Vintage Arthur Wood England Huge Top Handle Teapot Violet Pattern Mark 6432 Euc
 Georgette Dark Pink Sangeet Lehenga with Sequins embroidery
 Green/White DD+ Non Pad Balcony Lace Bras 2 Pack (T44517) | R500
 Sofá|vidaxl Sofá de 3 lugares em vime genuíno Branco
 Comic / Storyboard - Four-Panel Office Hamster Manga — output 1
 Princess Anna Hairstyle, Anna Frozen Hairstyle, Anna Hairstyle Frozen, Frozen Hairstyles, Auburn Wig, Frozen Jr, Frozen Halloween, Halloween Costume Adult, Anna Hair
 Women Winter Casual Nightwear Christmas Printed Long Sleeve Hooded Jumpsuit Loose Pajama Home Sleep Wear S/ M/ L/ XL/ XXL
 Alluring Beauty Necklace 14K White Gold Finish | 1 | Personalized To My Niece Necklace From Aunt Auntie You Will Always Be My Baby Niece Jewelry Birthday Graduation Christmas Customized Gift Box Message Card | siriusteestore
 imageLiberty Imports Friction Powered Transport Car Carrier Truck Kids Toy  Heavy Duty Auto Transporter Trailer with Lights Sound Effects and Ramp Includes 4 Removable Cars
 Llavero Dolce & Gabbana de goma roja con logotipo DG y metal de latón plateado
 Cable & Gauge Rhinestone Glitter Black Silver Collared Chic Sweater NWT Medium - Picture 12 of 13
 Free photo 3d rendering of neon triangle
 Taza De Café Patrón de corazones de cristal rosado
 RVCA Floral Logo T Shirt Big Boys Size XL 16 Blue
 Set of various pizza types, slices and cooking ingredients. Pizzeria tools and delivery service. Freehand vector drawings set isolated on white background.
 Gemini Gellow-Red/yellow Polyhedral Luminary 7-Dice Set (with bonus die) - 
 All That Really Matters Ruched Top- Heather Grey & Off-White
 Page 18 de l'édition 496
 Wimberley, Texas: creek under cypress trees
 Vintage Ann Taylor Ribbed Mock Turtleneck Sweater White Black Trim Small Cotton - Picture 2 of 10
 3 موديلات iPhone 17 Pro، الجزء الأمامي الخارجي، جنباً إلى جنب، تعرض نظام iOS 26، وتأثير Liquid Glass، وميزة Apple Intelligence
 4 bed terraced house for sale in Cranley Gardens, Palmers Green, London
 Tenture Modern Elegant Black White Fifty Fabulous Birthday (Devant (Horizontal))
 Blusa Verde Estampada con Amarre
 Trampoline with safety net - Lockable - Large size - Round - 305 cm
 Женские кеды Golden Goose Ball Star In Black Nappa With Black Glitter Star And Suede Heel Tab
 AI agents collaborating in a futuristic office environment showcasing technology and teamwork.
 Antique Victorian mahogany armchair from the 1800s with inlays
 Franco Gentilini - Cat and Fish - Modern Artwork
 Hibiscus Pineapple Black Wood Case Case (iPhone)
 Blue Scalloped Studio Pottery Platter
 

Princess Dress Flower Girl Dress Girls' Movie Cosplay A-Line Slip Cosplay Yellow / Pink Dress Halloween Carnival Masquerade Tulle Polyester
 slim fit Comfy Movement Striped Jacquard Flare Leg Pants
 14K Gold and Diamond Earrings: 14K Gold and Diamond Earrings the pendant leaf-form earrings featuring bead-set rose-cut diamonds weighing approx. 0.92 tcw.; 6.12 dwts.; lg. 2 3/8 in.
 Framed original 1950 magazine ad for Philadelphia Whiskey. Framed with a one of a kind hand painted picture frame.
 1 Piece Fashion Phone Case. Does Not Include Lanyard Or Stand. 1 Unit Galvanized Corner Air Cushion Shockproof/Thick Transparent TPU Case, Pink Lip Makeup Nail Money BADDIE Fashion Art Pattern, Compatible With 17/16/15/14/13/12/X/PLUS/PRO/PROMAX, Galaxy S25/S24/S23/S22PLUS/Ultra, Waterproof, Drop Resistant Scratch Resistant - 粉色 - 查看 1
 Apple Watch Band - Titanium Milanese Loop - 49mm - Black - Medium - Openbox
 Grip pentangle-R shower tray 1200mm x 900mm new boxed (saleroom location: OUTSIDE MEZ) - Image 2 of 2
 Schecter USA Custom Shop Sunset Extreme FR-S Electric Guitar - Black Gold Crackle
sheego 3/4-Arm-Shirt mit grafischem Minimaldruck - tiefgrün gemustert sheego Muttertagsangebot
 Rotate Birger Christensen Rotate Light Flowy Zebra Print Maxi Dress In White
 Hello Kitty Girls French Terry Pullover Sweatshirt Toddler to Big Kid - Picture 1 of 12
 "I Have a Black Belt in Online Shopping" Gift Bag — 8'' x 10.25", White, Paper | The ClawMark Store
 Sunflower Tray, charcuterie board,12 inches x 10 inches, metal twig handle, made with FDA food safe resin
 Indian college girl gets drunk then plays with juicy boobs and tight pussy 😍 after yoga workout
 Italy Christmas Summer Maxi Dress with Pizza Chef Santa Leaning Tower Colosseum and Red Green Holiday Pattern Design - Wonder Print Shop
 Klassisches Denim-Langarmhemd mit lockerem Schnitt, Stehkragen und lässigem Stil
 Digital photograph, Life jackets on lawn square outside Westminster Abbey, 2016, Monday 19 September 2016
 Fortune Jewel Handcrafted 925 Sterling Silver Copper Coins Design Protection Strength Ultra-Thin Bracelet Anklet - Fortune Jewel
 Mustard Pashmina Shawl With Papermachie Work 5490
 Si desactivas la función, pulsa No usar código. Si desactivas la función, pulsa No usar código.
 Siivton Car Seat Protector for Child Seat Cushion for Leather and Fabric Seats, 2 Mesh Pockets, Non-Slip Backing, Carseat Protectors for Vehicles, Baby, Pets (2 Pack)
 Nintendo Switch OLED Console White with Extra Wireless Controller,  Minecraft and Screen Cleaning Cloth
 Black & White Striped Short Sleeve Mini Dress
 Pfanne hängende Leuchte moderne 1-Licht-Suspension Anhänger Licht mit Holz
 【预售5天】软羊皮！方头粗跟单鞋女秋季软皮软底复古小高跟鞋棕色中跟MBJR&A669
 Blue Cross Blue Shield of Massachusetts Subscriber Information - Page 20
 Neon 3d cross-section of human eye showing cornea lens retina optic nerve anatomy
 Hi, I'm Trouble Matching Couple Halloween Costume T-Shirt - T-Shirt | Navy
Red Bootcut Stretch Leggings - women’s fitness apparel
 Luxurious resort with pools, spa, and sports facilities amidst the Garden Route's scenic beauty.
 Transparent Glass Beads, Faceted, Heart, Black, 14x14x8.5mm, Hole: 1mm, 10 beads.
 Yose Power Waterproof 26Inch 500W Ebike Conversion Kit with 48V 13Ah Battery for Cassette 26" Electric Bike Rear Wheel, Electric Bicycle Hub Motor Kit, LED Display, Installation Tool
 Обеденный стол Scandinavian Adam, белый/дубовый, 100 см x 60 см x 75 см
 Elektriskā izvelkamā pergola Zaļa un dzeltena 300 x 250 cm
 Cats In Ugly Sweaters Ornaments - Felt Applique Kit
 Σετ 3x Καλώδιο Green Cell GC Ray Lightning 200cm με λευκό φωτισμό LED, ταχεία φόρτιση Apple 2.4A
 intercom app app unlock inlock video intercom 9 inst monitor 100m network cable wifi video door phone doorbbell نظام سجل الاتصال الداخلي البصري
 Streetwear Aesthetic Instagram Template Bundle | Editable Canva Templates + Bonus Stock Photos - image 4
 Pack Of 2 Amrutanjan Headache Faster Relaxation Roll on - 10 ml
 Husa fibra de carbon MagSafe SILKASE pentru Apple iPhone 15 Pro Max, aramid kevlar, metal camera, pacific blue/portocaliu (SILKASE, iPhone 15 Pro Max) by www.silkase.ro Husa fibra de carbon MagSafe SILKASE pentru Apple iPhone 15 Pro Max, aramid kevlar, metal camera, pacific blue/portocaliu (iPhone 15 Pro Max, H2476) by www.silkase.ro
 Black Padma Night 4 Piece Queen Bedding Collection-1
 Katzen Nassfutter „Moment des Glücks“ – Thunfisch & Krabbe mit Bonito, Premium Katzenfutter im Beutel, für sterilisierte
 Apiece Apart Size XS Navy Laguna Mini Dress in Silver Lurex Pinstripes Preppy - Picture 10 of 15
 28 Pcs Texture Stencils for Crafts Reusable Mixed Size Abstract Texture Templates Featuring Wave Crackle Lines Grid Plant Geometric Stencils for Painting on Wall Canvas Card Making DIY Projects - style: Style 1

= = =

- **The task**:
Every line above from the line with "Llavero Dolce &" to the line with "RVCA Floral Logo", both included, must be reproduced exactly, and no other line may appear.

- **Answer to this problem**:
 Llavero Dolce & Gabbana de goma roja con logotipo DG y metal de latón plateado
 Cable & Gauge Rhinestone Glitter Black Silver Collared Chic Sweater NWT Medium - Picture 12 of 13
 Free photo 3d rendering of neon triangle
 Taza De Café Patrón de corazones de cristal rosado
 RVCA Floral Logo T Shirt Big Boys Size XL 16 Blue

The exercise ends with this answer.